There is a growing contradiction at the heart of modern education. Never before has so much information been accessible, and yet belief in well-documented history appears increasingly fragile. In recent years, surveys have suggested that a significant portion of young people question or misunderstand the Holocaust, including estimates that roughly 20% of individuals aged 18 to 29 believe it is a myth or exaggerated. At a time when the subject remains embedded in school curricula, this raises a more difficult question than whether history is being taught. It asks whether it is being understood at all.
According to Leslie Benitah, Founder of The Last Ones Foundation, the issue is not rooted in a lack of content, but in a lack of connection. She points out that educational systems often respond to misinformation by increasing exposure to facts, assuming that repetition will lead to retention.

Judith Sherman & Leslie Benitah, photographed at the United Nations
“We often respond by saying we must teach more, but perhaps the question is not how much we teach, it is how we teach,” she explains. “It is the structure of education itself that may need to be reconsidered if we want real understanding to take place.”
This challenge becomes more urgent when considered alongside a generational shift that cannot be reversed. The world is approaching a moment when the last Holocaust survivors will no longer be present to share their experiences firsthand. Benitah reflects on this transition with clarity, noting that society is entering the end of living memory.
“Soon, there will be no one left to answer questions, no one left to correct us, and no one left to remind us that this did not happen to others, but to people just like us,” she says. “And when those voices are gone, the responsibility to carry their truth forward will fall entirely on us.”
In this context, the limitations of traditional teaching methods become more visible. Facts and figures remain essential, providing scale and historical grounding, but they are not sufficient on their own. Benitah underscores that numbers, while important, do not inherently create understanding. “Facts and figures are part of the story, but they are not the story itself,” she explains. “If people do not feel the weight behind those numbers, they will not remember what they represent, and that is where memory begins to fade.”

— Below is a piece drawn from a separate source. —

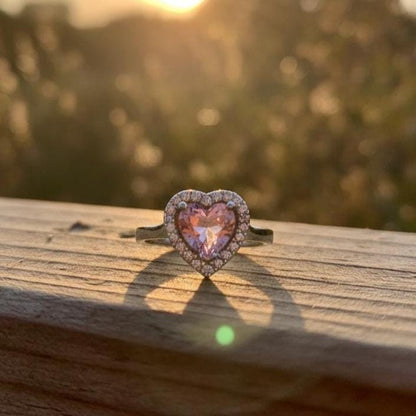 Sterling Silver Heart Ring with Pink Tourmaline - Birthstone Jewelry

The broader environment in which young people consume information further complicates this issue. Research shows that Gen Z consumers trust content from individuals, reflecting a shift toward personal narratives over authoritative sources. This evolving trust dynamic suggests that simply presenting verified information is no longer enough to ensure belief, particularly when competing with a constant stream of unverified digital content.
It is within this gap that The Last Ones has built its approach. The nonprofit organization focuses on preserving and transmitting the testimonies of the last living Holocaust survivors through film, books, and educational programs, ensuring that these voices remain accessible even as the survivors themselves disappear. Rather than treating history as a sequence of events, the organization frames it as a lived experience, emphasizing personal narratives that transform abstraction into something tangible.
Benitah frames the distinction in simple but profound terms. “A survivor does not just teach you what happened,” she says. “A survivor makes you feel that it happened, and that feeling is what stays with you long after the lesson ends.” This emphasis on emotional resonance does not replace factual learning, but deepens it, allowing individuals to connect with the meaning behind the data.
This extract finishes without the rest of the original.